As I flew over Mumbai, 

I heralded my 23rd birthday with a plastic cup of red wine warming my belly in a toast to myself. The children onboard are disciplined and not wailing; the pink aisle lights are on for optimal sleeping ambience; my eyes feel like it’s been tickled by dandelions and are wearied, perhaps from seeing so little of life. As per annual tradition I try to reflect on another year of wisdom (hopefully) and be deliberate about growing up.

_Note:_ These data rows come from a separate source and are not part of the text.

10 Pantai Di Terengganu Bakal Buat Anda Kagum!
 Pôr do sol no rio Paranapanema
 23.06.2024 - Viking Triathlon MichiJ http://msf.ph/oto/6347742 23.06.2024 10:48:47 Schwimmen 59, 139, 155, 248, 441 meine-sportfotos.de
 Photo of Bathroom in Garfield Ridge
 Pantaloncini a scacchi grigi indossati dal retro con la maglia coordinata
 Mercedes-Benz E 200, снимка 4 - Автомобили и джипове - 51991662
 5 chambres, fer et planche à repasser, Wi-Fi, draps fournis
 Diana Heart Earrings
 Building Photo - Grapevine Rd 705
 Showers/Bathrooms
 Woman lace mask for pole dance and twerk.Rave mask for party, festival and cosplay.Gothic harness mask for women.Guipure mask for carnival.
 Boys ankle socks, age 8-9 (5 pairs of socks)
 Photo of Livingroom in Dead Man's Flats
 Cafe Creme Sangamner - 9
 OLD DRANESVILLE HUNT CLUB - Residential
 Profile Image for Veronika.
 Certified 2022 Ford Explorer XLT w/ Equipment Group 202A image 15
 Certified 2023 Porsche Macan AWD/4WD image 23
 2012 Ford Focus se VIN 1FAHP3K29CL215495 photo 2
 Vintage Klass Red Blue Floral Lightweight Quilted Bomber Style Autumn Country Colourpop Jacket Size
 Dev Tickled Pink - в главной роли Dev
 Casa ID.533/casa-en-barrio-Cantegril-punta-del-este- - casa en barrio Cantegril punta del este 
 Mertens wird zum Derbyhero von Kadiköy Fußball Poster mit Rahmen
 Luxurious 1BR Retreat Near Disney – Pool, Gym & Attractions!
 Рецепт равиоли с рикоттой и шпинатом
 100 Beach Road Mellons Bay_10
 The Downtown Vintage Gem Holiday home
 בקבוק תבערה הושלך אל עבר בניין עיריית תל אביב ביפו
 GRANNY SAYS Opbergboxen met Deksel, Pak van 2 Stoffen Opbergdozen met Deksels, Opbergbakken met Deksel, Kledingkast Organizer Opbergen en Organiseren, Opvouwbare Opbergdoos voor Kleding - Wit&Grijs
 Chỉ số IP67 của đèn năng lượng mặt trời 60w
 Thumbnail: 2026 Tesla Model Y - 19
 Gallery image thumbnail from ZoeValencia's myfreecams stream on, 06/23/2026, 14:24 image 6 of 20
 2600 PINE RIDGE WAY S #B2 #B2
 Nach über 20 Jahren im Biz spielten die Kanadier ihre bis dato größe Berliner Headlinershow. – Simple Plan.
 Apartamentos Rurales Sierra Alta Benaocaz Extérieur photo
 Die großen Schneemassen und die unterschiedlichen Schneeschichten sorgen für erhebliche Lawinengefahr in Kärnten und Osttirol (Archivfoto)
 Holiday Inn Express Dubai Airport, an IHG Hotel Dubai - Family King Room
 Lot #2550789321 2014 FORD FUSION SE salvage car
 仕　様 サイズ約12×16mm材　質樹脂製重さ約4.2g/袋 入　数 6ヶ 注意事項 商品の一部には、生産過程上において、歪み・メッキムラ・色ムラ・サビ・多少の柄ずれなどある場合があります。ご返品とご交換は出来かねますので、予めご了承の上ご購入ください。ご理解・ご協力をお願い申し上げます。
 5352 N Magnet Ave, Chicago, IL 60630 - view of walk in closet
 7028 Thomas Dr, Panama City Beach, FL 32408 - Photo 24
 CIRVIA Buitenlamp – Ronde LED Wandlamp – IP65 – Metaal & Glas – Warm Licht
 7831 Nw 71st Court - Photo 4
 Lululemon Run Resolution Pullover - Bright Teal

Upon revisiting my mini bucket list from last year’s reflections, I found that surprisingly, without intending to, I had checked off many of them. I wonder if that is how we mature in age — growing naturally into a predisposition as flowers tilt towards our chosen sun, or perhaps as towers lean more visibly with increased verticality from a pre-set foundation. This year though, instead of aspiring towards goals in adulthood, I think that the ripe old age of 23 put me squarely into adulthood and I want to reflect on what that means. A lot of my reflections came from hurriedly jotted down epiphanies in my notes app, in cumulative drops, such that when I try to sit down and do a retroactive summary, growth feels unexpected when I see it all in full force the first time.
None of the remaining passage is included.